(Work task) Return only the lines from the one that contains "Vintage 1960s Cotton" through the last line of the records below, exactly as they stand. Pictures are not part of the copy.

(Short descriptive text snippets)
___

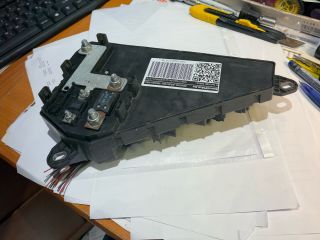 bontott BMW 5 E60 Biztosítéktábla Csomagtér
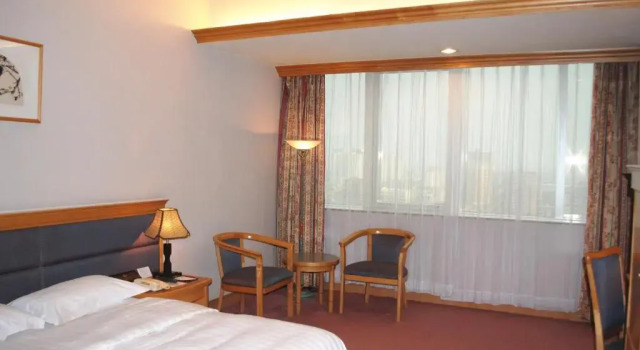 Двухместный номер Standard Guangzhou New Century Hotel
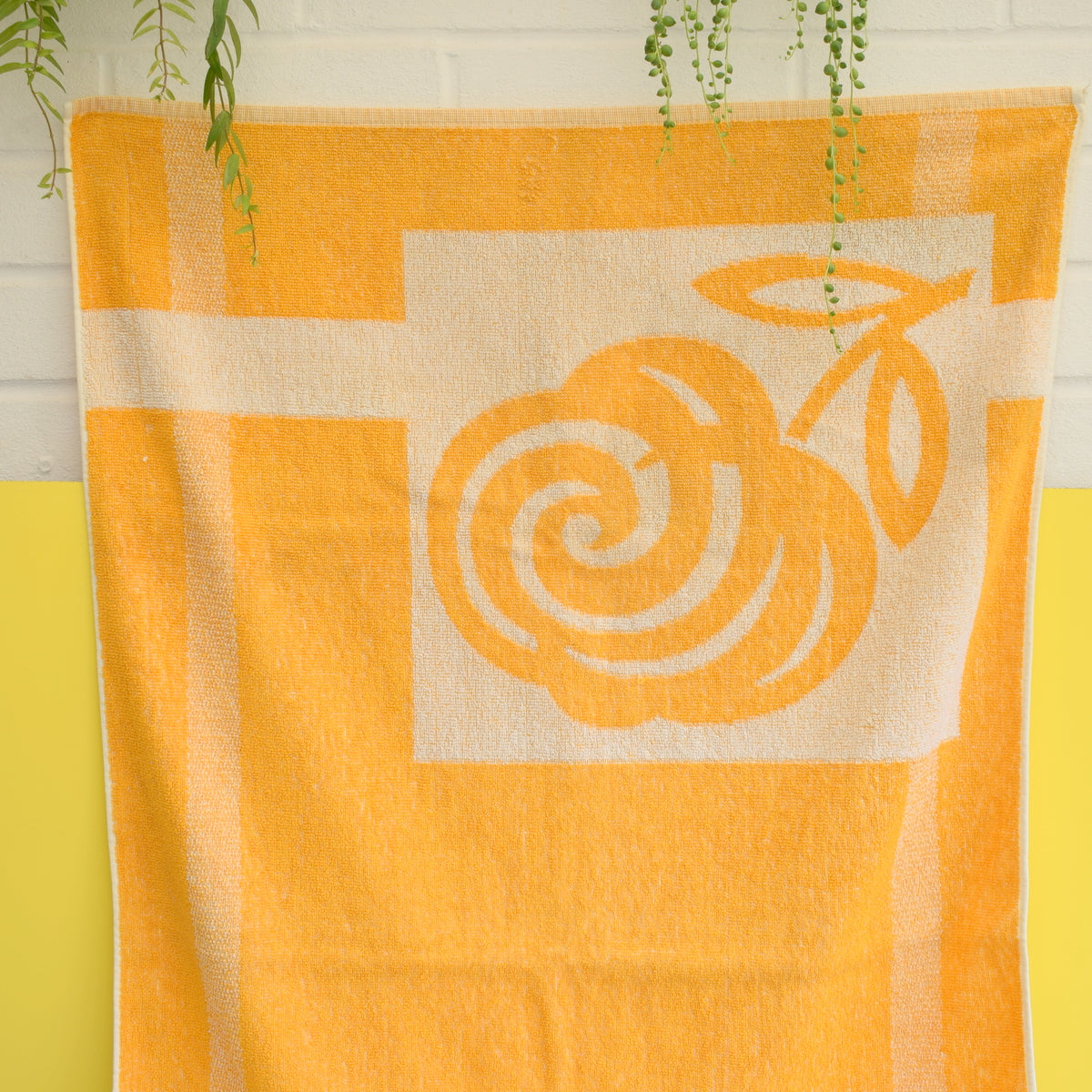 Vintage 1960s Cotton Hand / Bath Towels - Flower Power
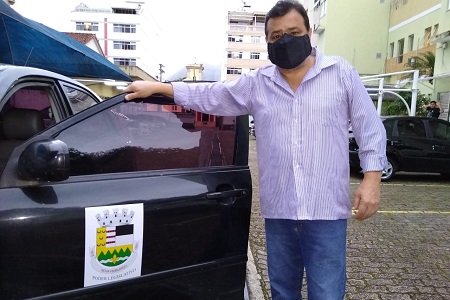 Carros oficiais da Câmara de Nova Friburgo recebem adesivos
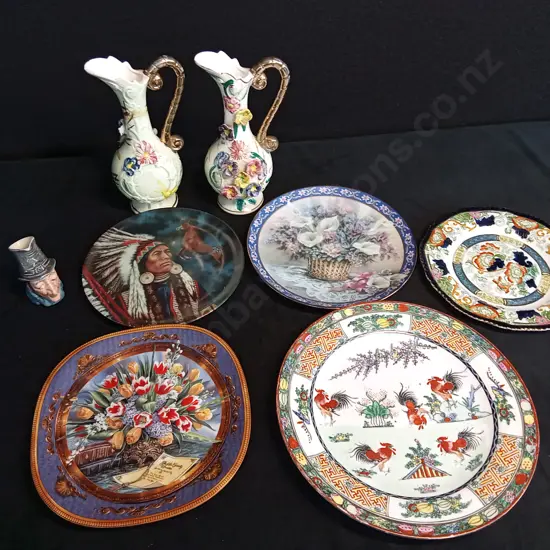 DECORATIVE ITEMS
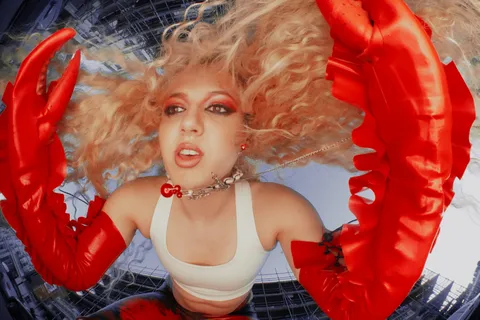 Izzy Camina has shared a new single ‘Alprazalam’, taken from her just-announced ‘ANG3L NUMB3RS’ EP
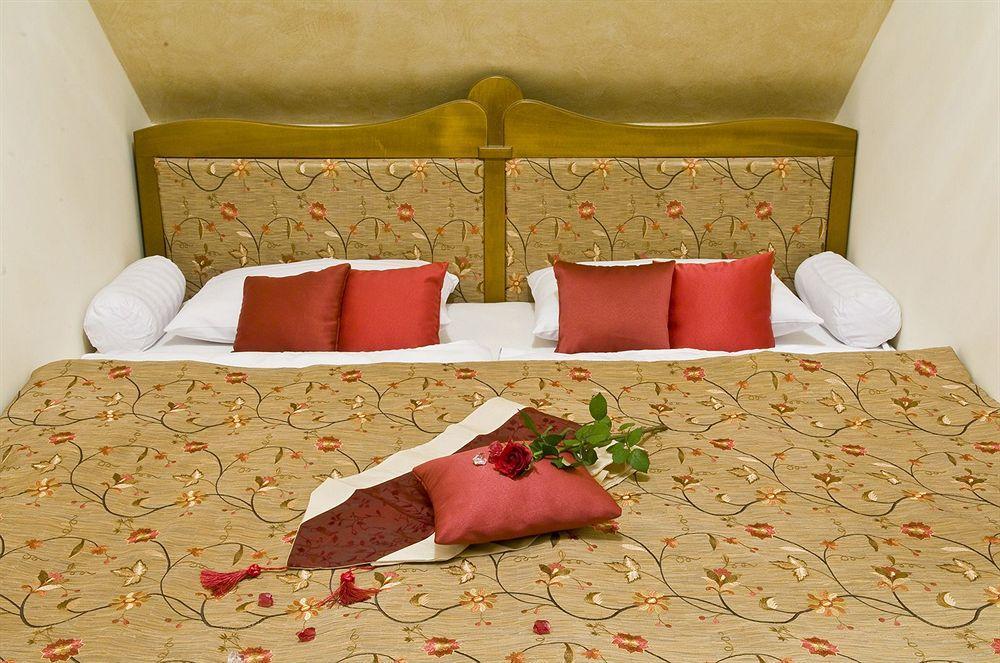 Amira Boutique Hotel Heviz Wellness & Spa Екстериор снимка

___

(Reply to the task)
 Vintage 1960s Cotton Hand / Bath Towels - Flower Power
 Carros oficiais da Câmara de Nova Friburgo recebem adesivos
 DECORATIVE ITEMS
 Izzy Camina has shared a new single ‘Alprazalam’, taken from her just-announced ‘ANG3L NUMB3RS’ EP
 Amira Boutique Hotel Heviz Wellness & Spa Екстериор снимка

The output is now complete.